Extracting the actual spot signal, is done by either subtracting the background from the foreground signals in the two seperately, or simply by discarding the background and treating the foreground as the true signal. The method getSignal() provides an easy way of doing this and, for convenience, it also transforms the (R,G) signal into (M,A) signal:
ma <- getSignal(raw, bg.subtract=TRUE)
giving
> ma [1] "MAData: M (5184x2), A (5184x2), Layout: Grids: 4x4 (=16), spots in grids: 18x18 (=324), total number of spots: 5184. Spot names and id's are specified."

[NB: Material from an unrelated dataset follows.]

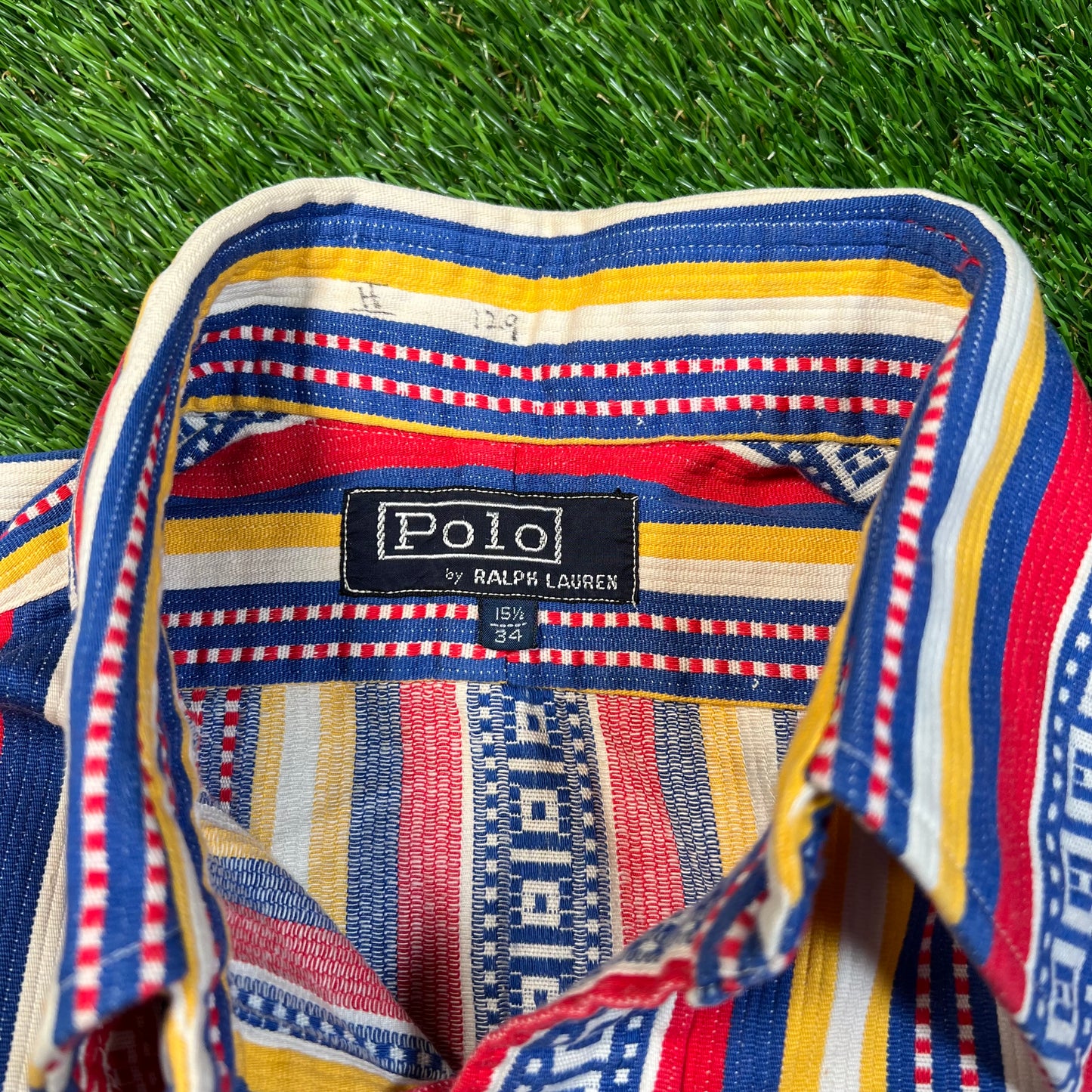 Y2K Polo Ralph Lauren Multicolor Stripped Polo Shirt Size Large USED v18833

If you do not want to do background subtraction just write bg.subtract=FALSE instead. As with RawData objects one can also get the M and the A signals (matrices) by ma$M and ma$A.
As pointed out, getSignal() also transforms the background (R-Rb,G-Gb) or non-background (R,G) corrected signals to (M,A) signals. In short one can say that the M value of a spot is the logarithm (base 2) of its red to green ratio and that the A value is the logarithm (base 2) of the same spot's intensity. In details this transform is:
|
M = log2(R/G),
A = 1/2·log2(R·G) <=> R = (22A+M)1/2, G = (22A-M)1/2. |
(1) |
The reason for using logarithm with base 2 is that the source data is binary, which (for most data sources) brings the log-intensity into the range 0 <= A <= 16. Further, a log-ratio of M=+1 (M=-1) means that the red (green) signal is twice as large as the green (red) signal.

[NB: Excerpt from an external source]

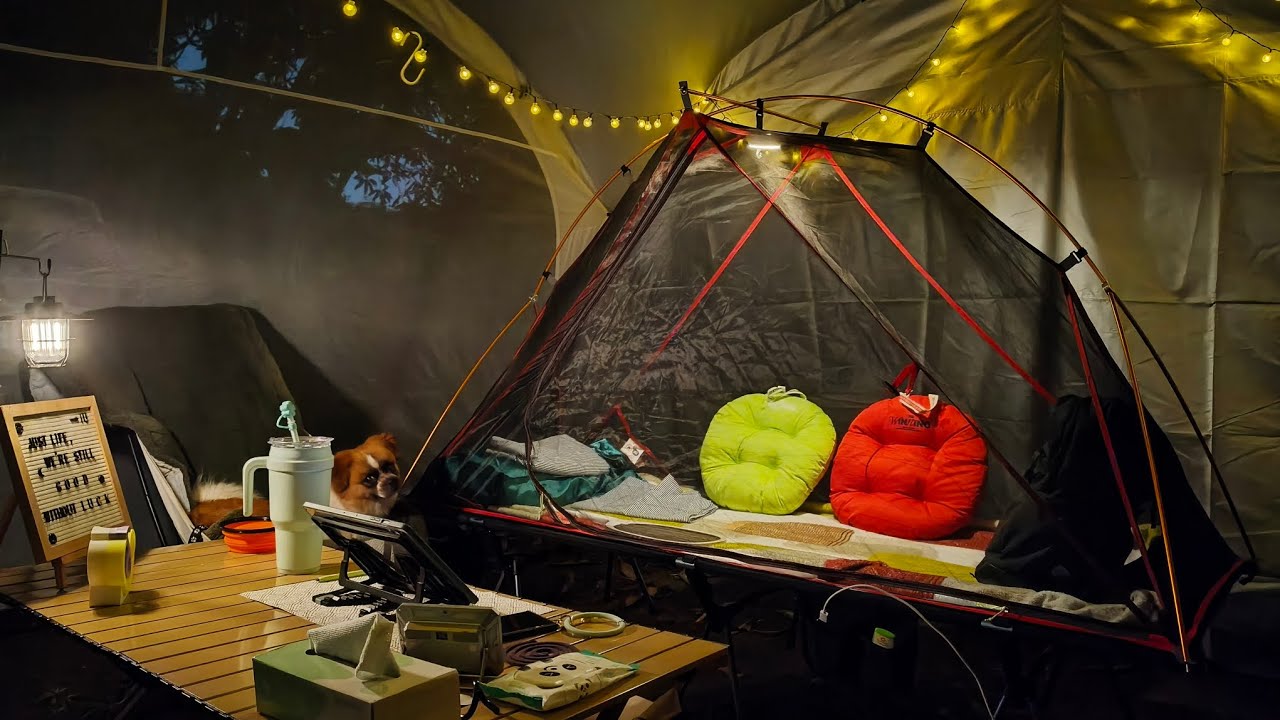 First time Solo Camping with my Dog at Cafe Salvacion |Calm Music| Nature ASMR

The (R,G) to (M,A) transform is inversible and the (R,G) corrected signals can be retrieved from an MAData object by as.RGData(ma), but this is rarely wanted or needed.
rg <- as.RGData(ma)
giving
> rg [1] "R (5184x2), G (5184x2), Layout: Grids: 4x4 (=16), spots in grids: 18x18 (=324), total number of spots: 5184. Spot names and id's are specified."
It is commonly believed that background subtraction should always be done, but this not always the best thing to do as seen here.
Raw data for one cDNA microarray slide typically consists of two scanned 16-bit images. During the scanning a green and a red laser excite the Cy3 and Cy5 dyes and the emission is registered. From these two images at least four different measures for each spot are extracted. The foreground signals, R and G, are often measured as the mean or the median of the intensities of the pixels that are identified to belong to the spot. There are several ways to define what the background of a spot is and different definitions often result in different background estimates, Rb and Gb. All background identification methods strive to get a representative estimate of the background noise in the area of the spot, a noise that is also expected to be added to the foreground signals. With a good estimate of the foreground and the background signals it is reasonable to believe that the background subtracted signals, R'=R-Rb and G'=G-Gb, reflects the gene expression levels.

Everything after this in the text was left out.